Kurios, dass in diesem post-was-auch-immer-Gebilde das Fußballstadion den Mittelpunkt bildet...das regt, zumindest im Vorfeld, die Gedanken an, gesellschaftspolitisch gesehen...
Möglicherweise ist das Ganze auch zu retroprogressiv, als dass man es auf Anhieb verstehen und nachempfinden könnte.
Um aber nicht zu kritisch zu enden: Es sei betont, dass viele Stadien sich mittlerweile zu ähnlich sehen, und dass kaum Raum für echte Variationen bleibt. Wozu auch? Man kennt heutzutage die Bedürfnisse und Anforderungen, hat die optimalen Verhältnisse von Steilheit der Ränge, Blickwinkel und Beinfreiheit im Verhältnis zur Rasendiagonale ermittelt, die Bierholwege wurden optimiert, und und, und...
Als kreativer Freiraum bleibt meist nur die Fassade und das Dach, der Symbolgehalt des Stadions für die jeweilige Region wird entweder als bekannt vorausgesetzt, oder wird, bzw. wurde mehr oder weniger geschickt in Formen umgewandelt. Wenn dafür kein Spielraum bleibt, wird der neu geschaffene Spielraum z.B. nach außen hin schlichtweg verspiegelt, oder sonstwie dekoriert. "Kunst am Bau" statt "Baukunst".
In diesem Falle handelt es sich aber um einen ganz anderen Ansatz, jedenfalls einen, der aus deutscher Sicht der Gewöhnung bedarf - die Einstellung unserer Nachbarn zu vielen Dingen ist allerdings grundsätzlich fortschrittlicher, und städtebauliche Lösungen stehen auch aus anderen Gründen unter anderen Vorzeichen.
"Das Maß aller Dinge" bezüglich des modernen Stadionbaus zu realisieren, davon träumten viele Architekturbüros bei Wettbewerben zu den Stadien der WM 2006. Was daraus wird, sind in der Regel Kompromisse, die die Herzen nicht endlos hoch schlagen lassen, aber ihren Zweck, als hochmoderne und zeitgemäße Austragungsstätten von Fußballspielen zu dienen, hervorragend erfüllen.

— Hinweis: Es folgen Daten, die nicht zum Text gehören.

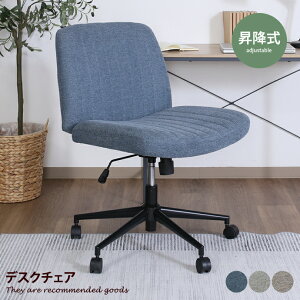 ItBX`FA `FA `FA[ fXN`FA wK`FA p\R`FA ֎q  CX   ] ~  e[N  ݑ wK ׋ ɂ LX^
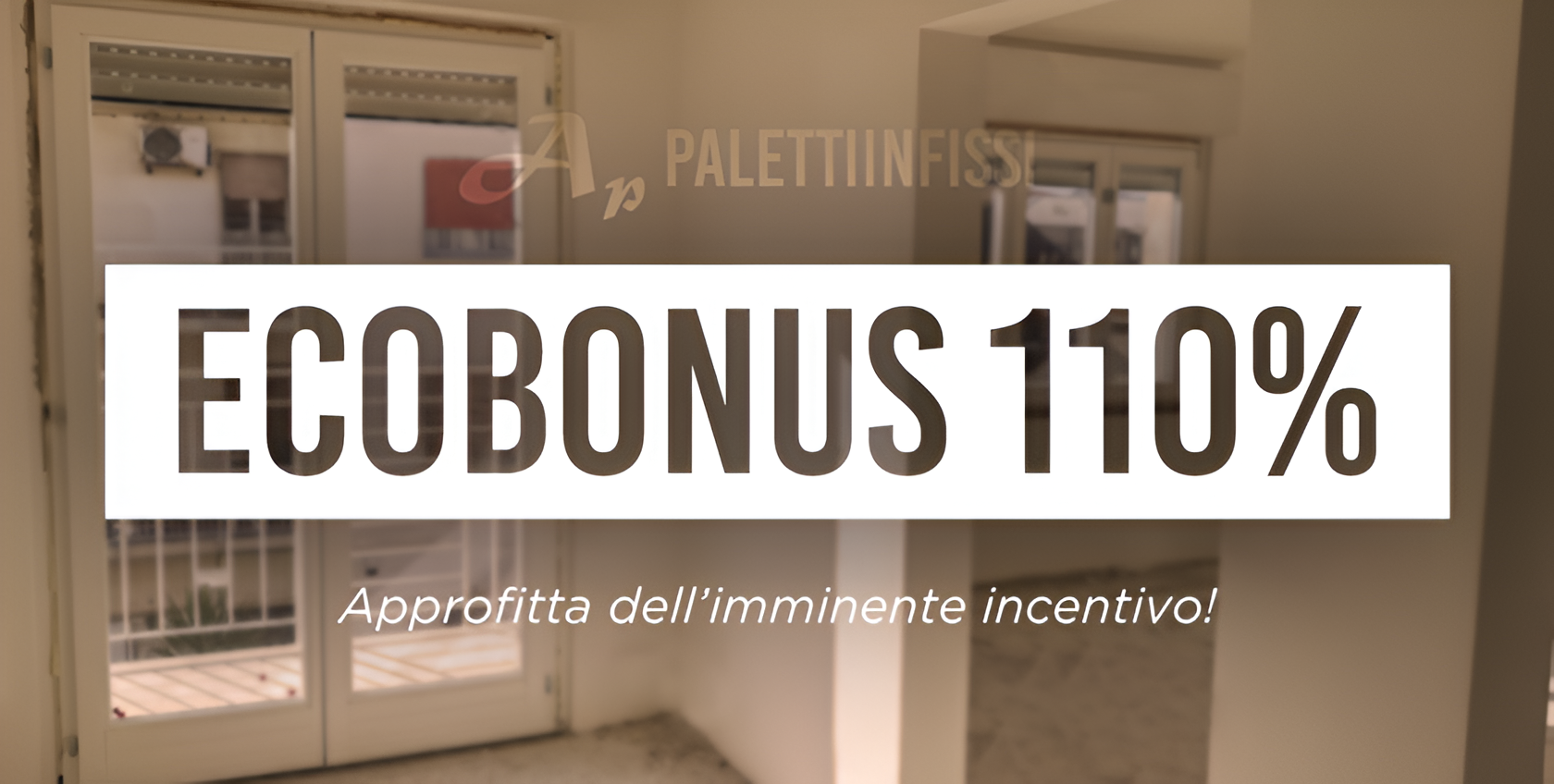 immagine ecobonus blog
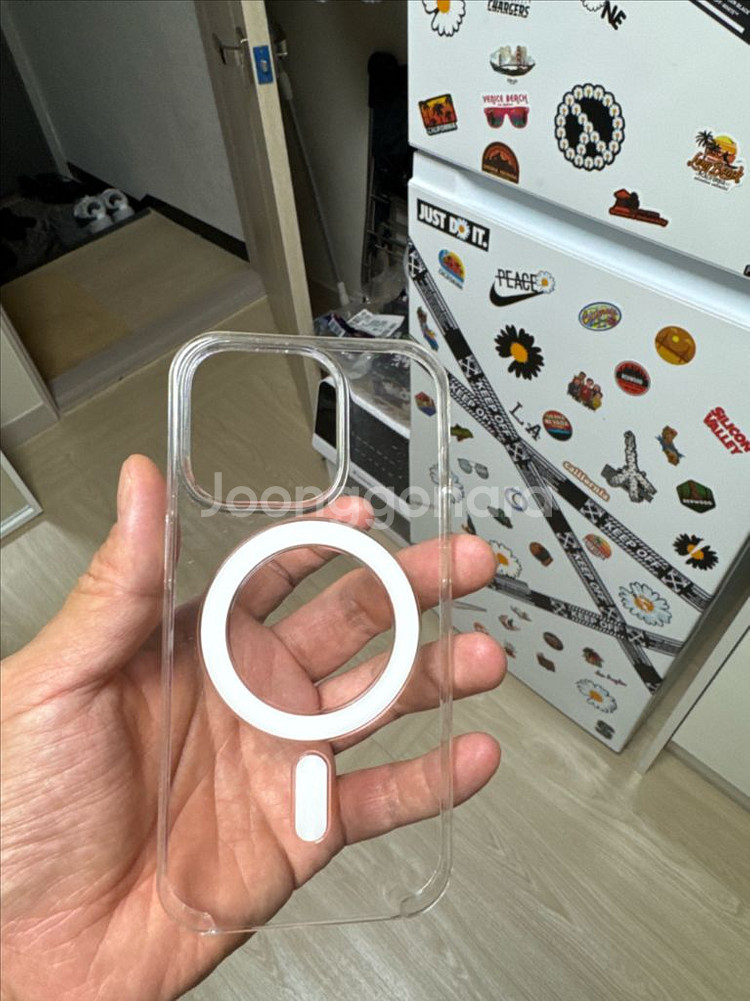 아이폰14프로 256 블랙 배터리89 팝니다--8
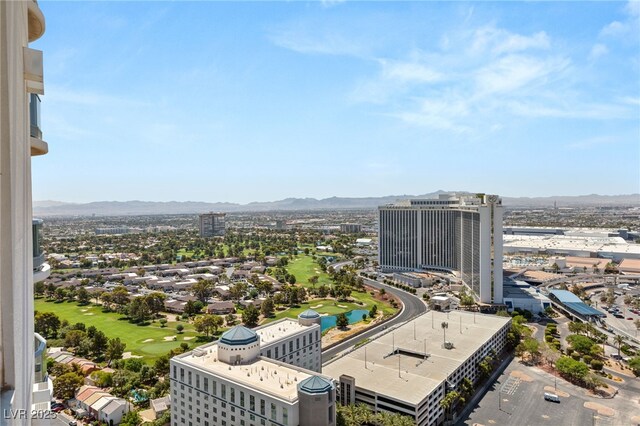 222 Karen Ave Unit 3305, Las Vegas, NV 89109 - photo 28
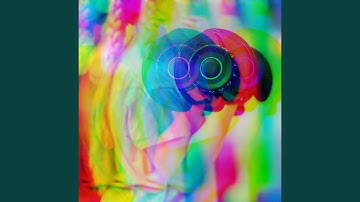 Dashing Backdrops for Mellow Journeys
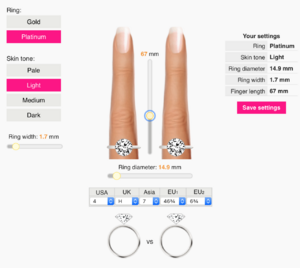 2.27ct vs 2.50ct.png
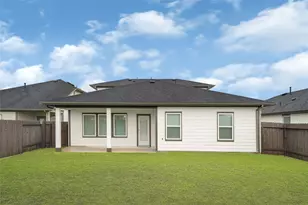 28934 Lupo River Ct, Katy, TX 77494 - Photo 33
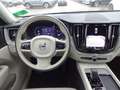 Volvo XC60 B4 Plus Dark 2WD AT Google ACC HK Allwetter Grau - thumbnail 12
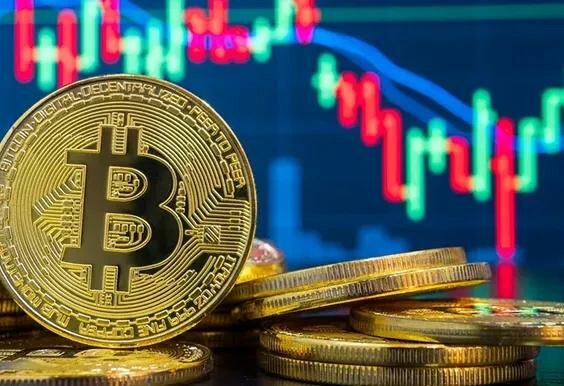 bitcoin-15291008866458262698956-64425858622967622042026_jpg_75.jpg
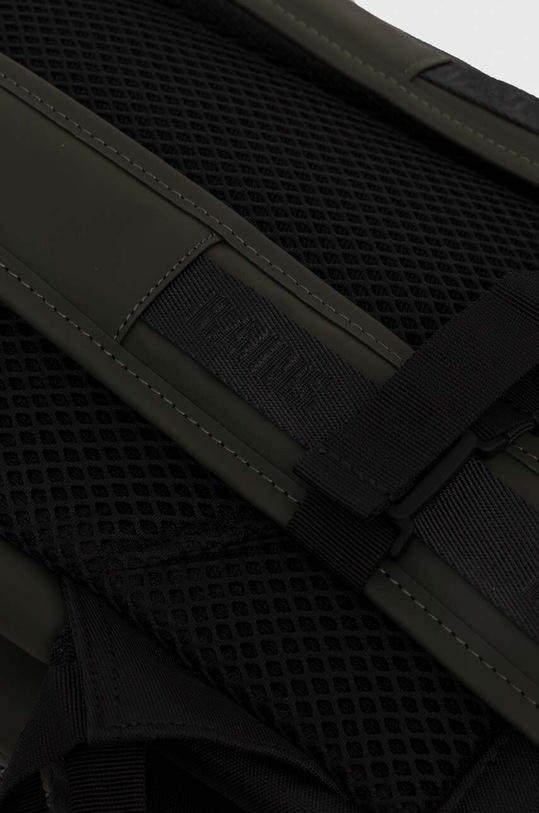 Ruksak Rains 14330 Backpacks zelená 14330.03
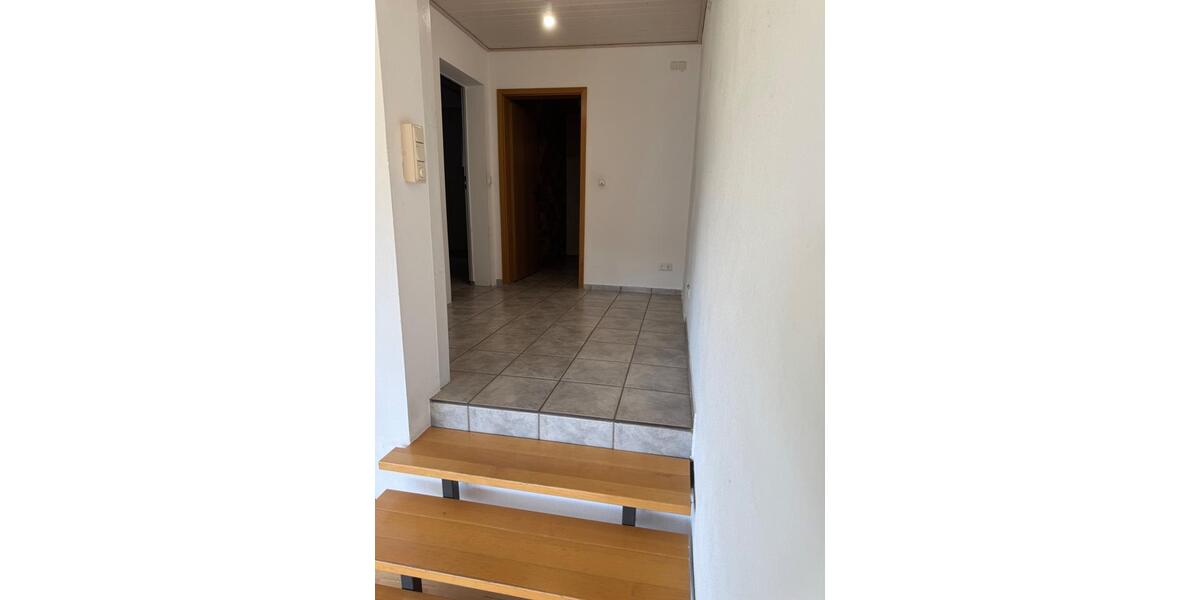 Etagenwohnung Gemünden am Main - 1 Zimmer, 54 m&sup2;, 93.000&euro; | Angebot:26819293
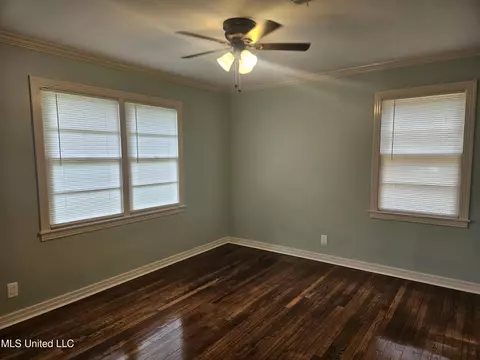 503 Brooklyn Dr, Natchez, MS 39120 photo 6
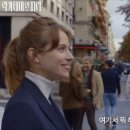 럭키데이 마이데일리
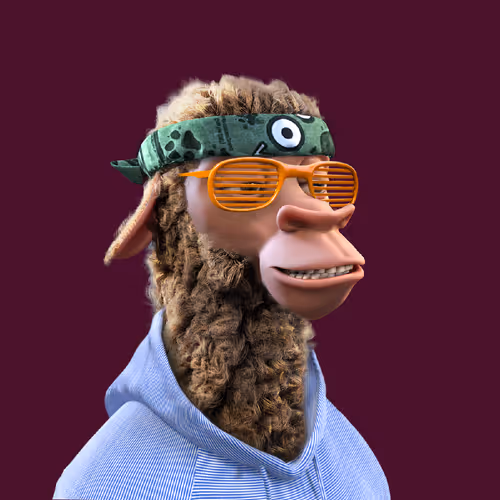 Mighty Llama #3778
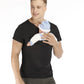 T-shirt Kangourou Porte-bébé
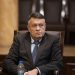Проф. д-р Георги Вълчев, ректор на Софийския университет „Св. Климент Охридски“: Битката на XXI век ще бъде за качествен човешки потенциал
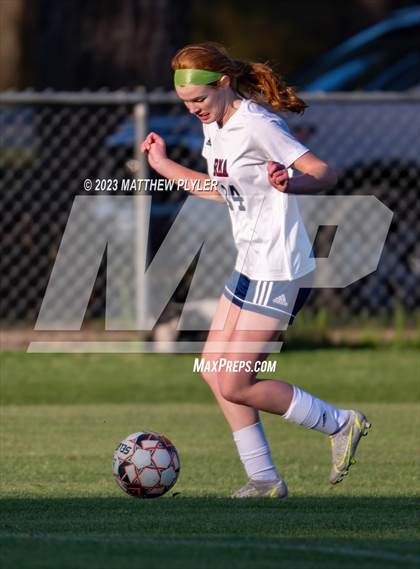 Thumbnail 3 in Rocky Mount Academy @ Fayetteville Academy photogallery.
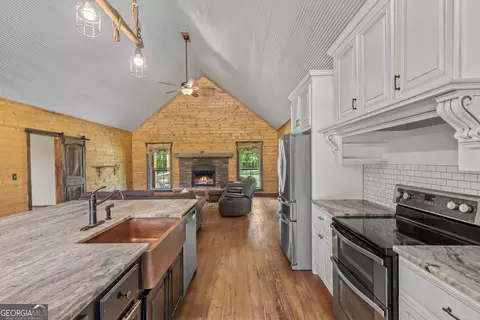 252 Buck Rd, Gray, GA 31032 photo 11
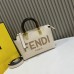 BOLSA FENDI BY THE WAY MINI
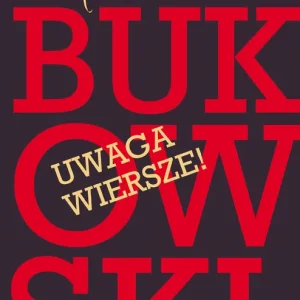 Bezpieczna płatność Noce waniliowych myszy. Wybór wierszy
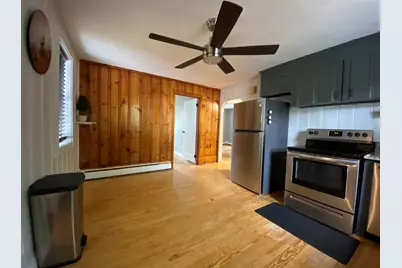 32 South Spencer Rd, Spencer, MA 01562 - Photo 14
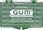 GUM Ortho Wax Wosk ortodontyczny z lusterkiem 35szt. - zdjęcie 2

In Groningen wird etwas gebaut, das man wohl nicht einfach umbauen kann, wenn sich die Bedarfslage ändert, oder das Konzept fehlschlägt. Das ist mehr als mutig. Andererseits ist hier (lediglich?) die Rede von einem Stadion mit 20.000er Kapazität in der "Provinz".
Letztendlich eine sympathische Sache, die es sich mitzverfolgen lohnt.
Geplant wurde das Objekt von Wiel Arets architect & Associates bv, Maastricht, die Gesamtkosten werden auf ca. 135.750.000 € geschätzt, der das Stadion umfassende Komplex liegt bei ca. 29.400.000 €. Im Frühjahr 2002 soll der Bau beginnen, und gut zwei Jahre später der FC Groningen das Stadion einweihen.
Viele sind besessen - doch glücklich ist, wer einen sitzen hat.